En la cuarta sesión del 6 de julio tuvo lugar el acto más significativo. El papa hizo leer tres cartas, del emperador Miguel, de su hijo Andrónico y de los obispos griegos, aceptando los primeros el símbolo de la Iglesia de Roma, y anunciando los últimos su entrada en la unidad de la Iglesia. Inmediatamente después, Jorge Acropolita juró en nombre del emperador el abandono del cisma y la perfecta obediencia al pontífice romano. A continuación, se entonó un Te Deum y el papa pronunció un sermón, terminando con el canto de Credo, en latín primero y luego en griego, repitiendo las palabras: Qui ex Patre Filioque proceda. El día 15 de julio murió san Buenaventura, que había participado activamente en el concilio. Fue sepultado el mismo día en la iglesia de los Menores de Lyon.
Con el fin de evitar la posibilidad de otra sede vacante tan prolongada como la última, se promulgó, en la quinta sesión del 16 de julio, el célebre decreto sobre la elección papal Ubi periculum. En este decreto se establecía que pasados diez días de la muerte del papa, debían los cardenales reunirse en una misma sala (cónclave), aislados del mundo exterior. Si pasados tres días no habían realizado la elección, se les serviría un solo plato al mediodía y a la noche y, pasados cinco días, solamente pan, vino y agua. En esta misma sesión se bautizaron solemnemente el embajador de Tartaria y dos personajes de su séquito. También se decretaron diversas normas sobre la recepción de las órdenes sagradas, apropiación de bienes eclesiásticos, beneficios vacantes en curia, dignidad del culto divino, así como contra los bigamos y usureros.
La sesión de clausura tuvo lugar el día 17 de julio, y en ella el papa hizo un balance del trabajo realizado. De los tres objetivos propuestos, dos se habían logrado: la unión con los griegos y las medidas en favor de Tierra Santa. Pero por lo que hace a la reforma de las costumbres de los prelados y a la residencia de los párrocos, como el concilio por falta de tiempo no se había ocupado de estas cuestiones, el papa prometía que se ocuparía próximamente de ellas. En esta sesión se aprobó el c. 23, que confirmó los privilegios de las cuatro órdenes mendicantes: dominicos, franciscanos, ermitaños de san Agustín y carmelitas.
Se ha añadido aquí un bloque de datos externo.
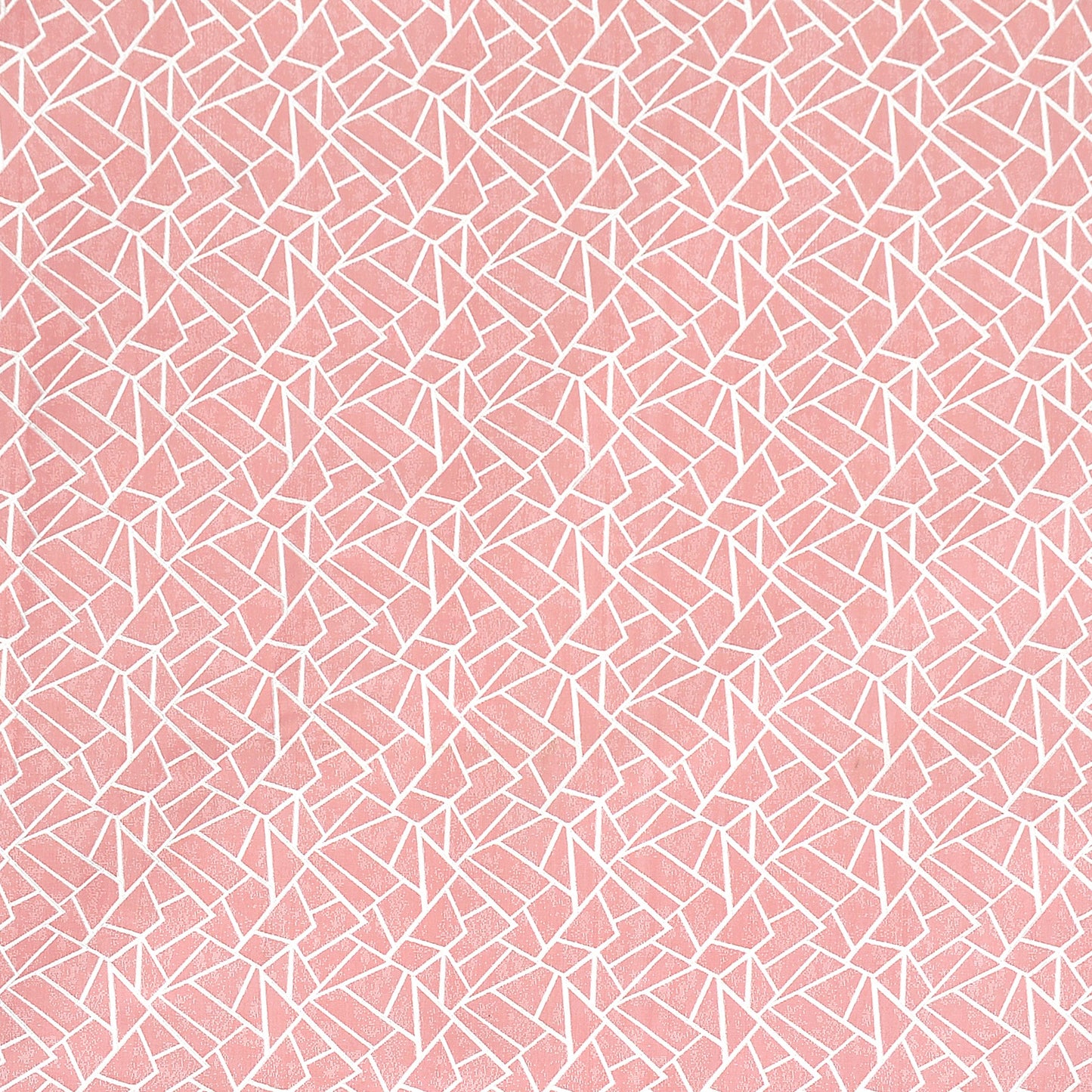 Radiance Pink Curtains – Elegant Geometric Design for Modern Living Spaces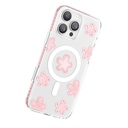 Apple iPhone 16 Pro Max Uyumlu Kılıf M-Safe Şarj Özellikli Zore Paris Elvo Sert PC Kapak - 2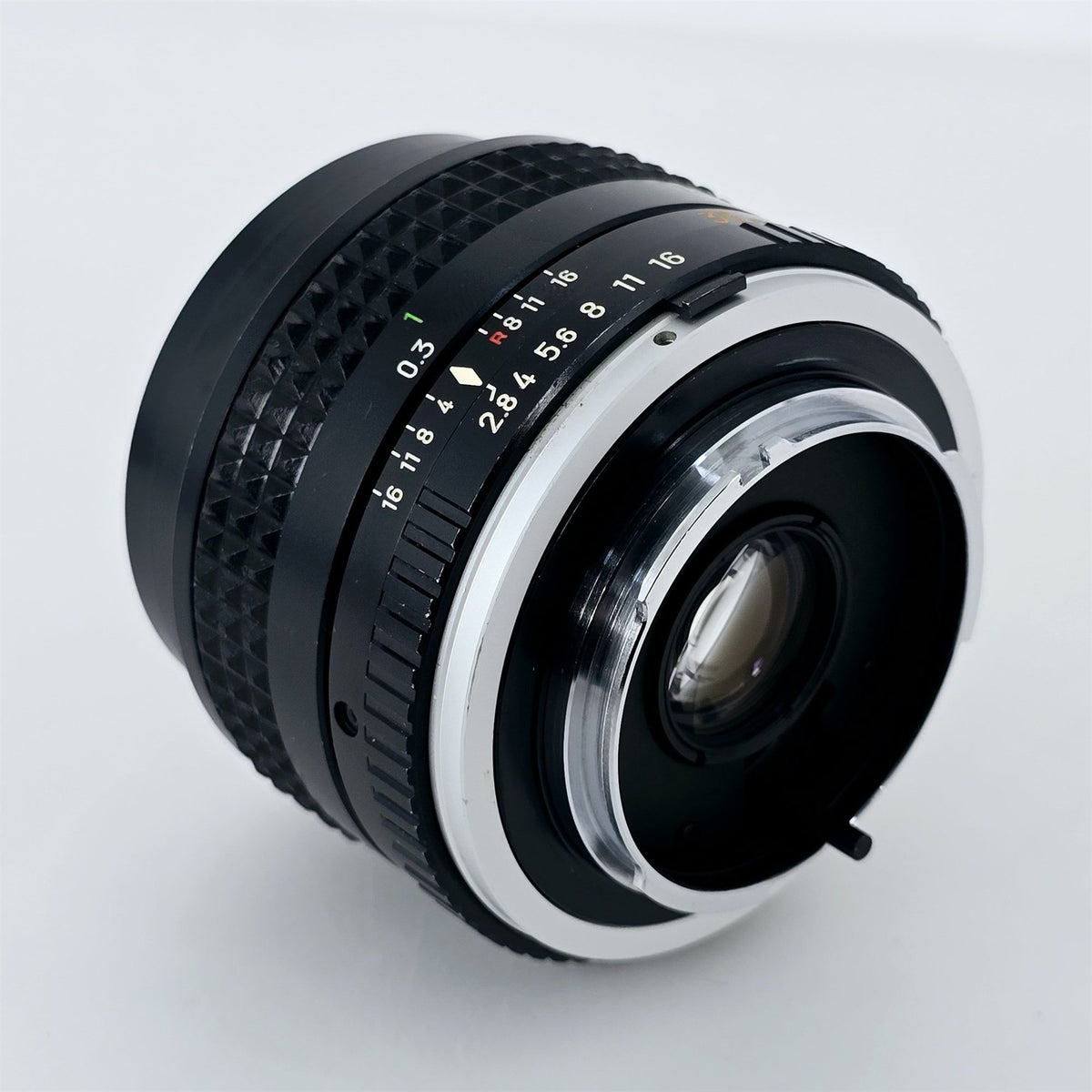 [Pre-owned] Minolta MC W.Rokkor 35mm F2.8 MF Wide Angle Lens — Near Mint+++ — Japan #5780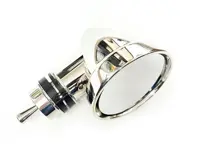 Spiegelset mit Durchsichtscheibe – Singer-Stil – für Porsche 911 / 912 / 930 / 964 / 993 1965–1998 - 90173111100, 90173111101, 90173111102, 91173111600, 91173101300, 91173101306, 91173101308, 91173101406, 91173101408, 91173101307, 91173101310, 91173101407, 91173101410, 91173101301, 91173101328, 91173101700, 91173101701, 91173101706, 91173101707, 91173101720, 91173101721, 91173101806, 91173101821, 91173101820, 91173102300, 91173102500, 91173102501, 91173102600, 91173102400, 91173102706, 91173102806, 94473102701, 94473102702, 91173192701, 91173192801, 91173193101, 91173193201, 91173104303, 91173104403, 94473102101, 94473102101G3M, 96573124300, 96573124300G2L, 9657312400, 96573124400G2L, 96573124100, 96573124100G2M, 96573124201, 96573124201G2M, 96573124101, 96573124101G2M, 96573124200, 96573124200G2M - SC11, SC11A-C8, SC11B-C8, SC11C-C8, SC11D-C8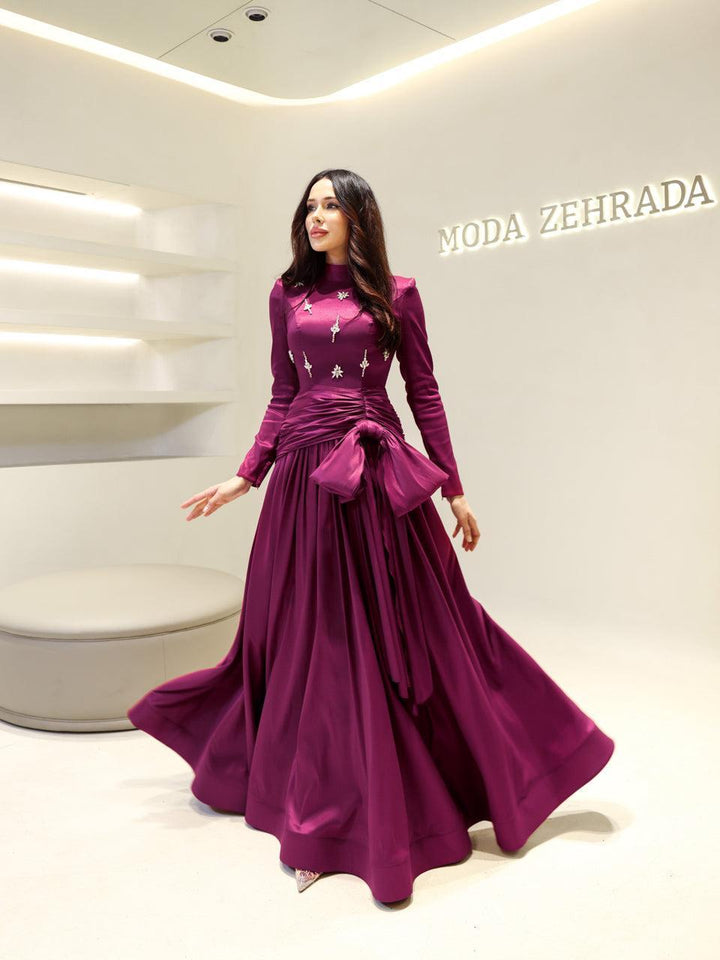 tesettur-abiye-Berry Tesettür Abiye-ModaZehrada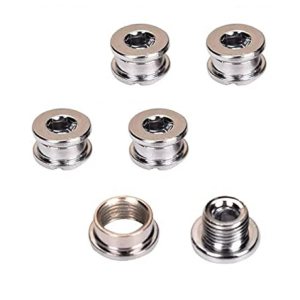 Pernos Y Contra Roscas Para Mono Plato Ruta - 10 Piezas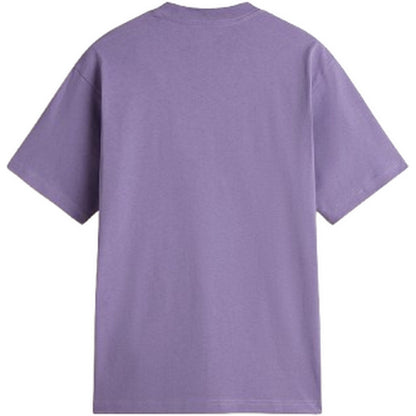 T-shirt Uomo Vans - Left Chest Ii Loose Ss - Viola
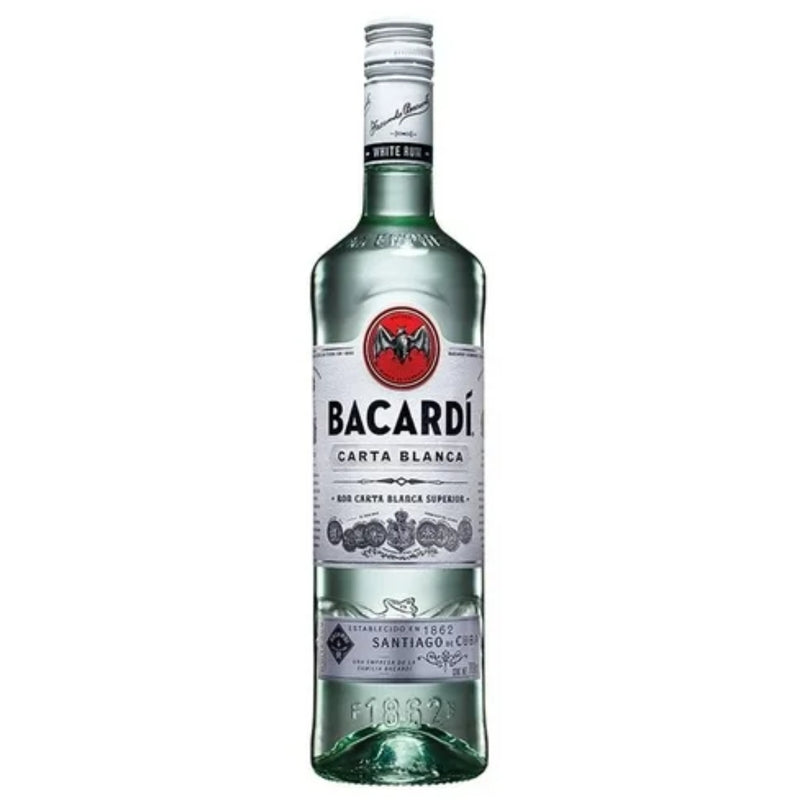 BACARDI CARTA BLANCA 700 ML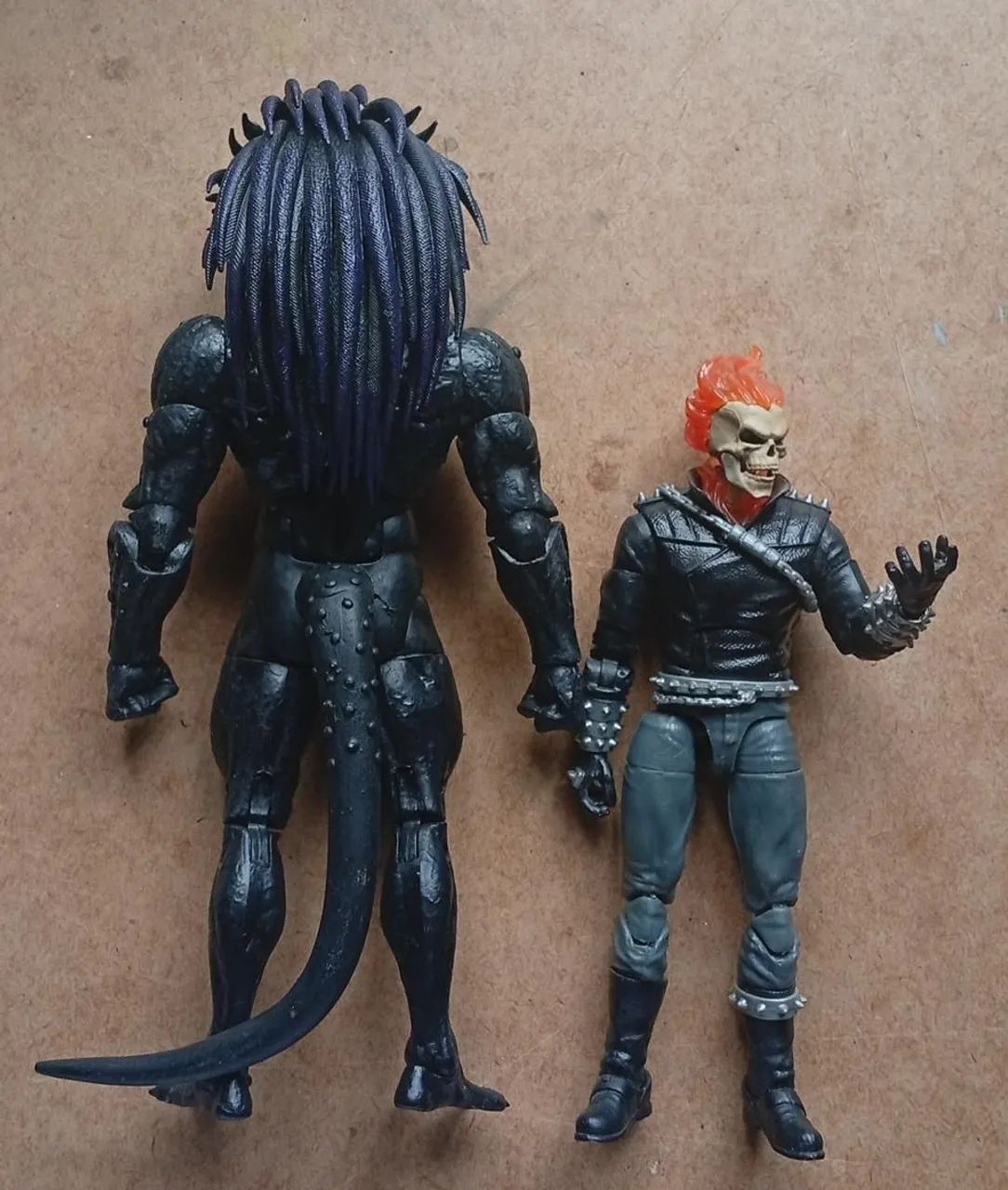 Boneco Marvel legends coração negro custom - Foto 3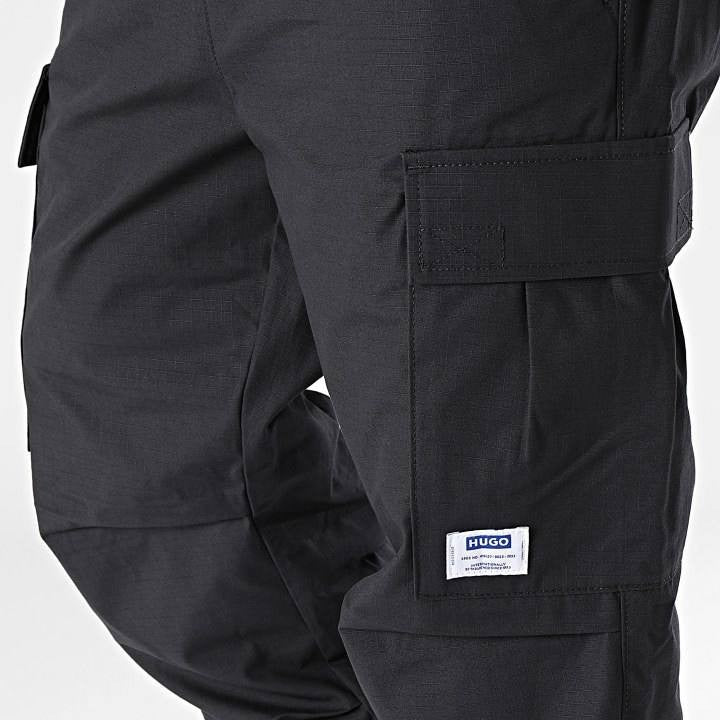 Hugo by Hugo Boss Men’s Gadic 242 Cargo Pants Black S $159 NWOT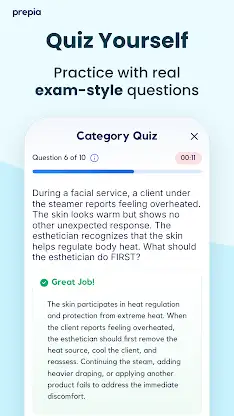 Cosmetology & Esthetician Exam screenshot 2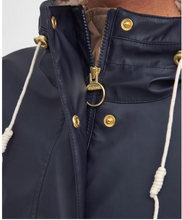 Load image into Gallery viewer, BARBOUR&lt;BR&gt;
Beth Showerproof Outer Jacket&lt;BR&gt;
Navy&lt;BR&gt;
Además de los temas eclesiásticos el concilio se ocupó igualmente de asuntos políticos. Jaime I de Aragón (1213-1276), que había asistido al concilio con la esperanza de obtener la corona imperial, no consiguió sus propósitos, porque Gregorio X le había exigido juramento de fidelidad y un tributo feudal. Tampoco Alfonso de Castilla (1252-1284) logró sus deseos sobre el Imperio, ya que el papa se había decidido por Rodolfo de Habsburgo (1273-1291) como el candidato más idóneo para la corona imperial. La delegación del Gran Khan de Mongolia se esforzó por alcanzar una alianza contra Egipto, aunque no lo consiguió.
Las decisiones del concilio fueron puestas en vigor el 1 de noviembre de 1274.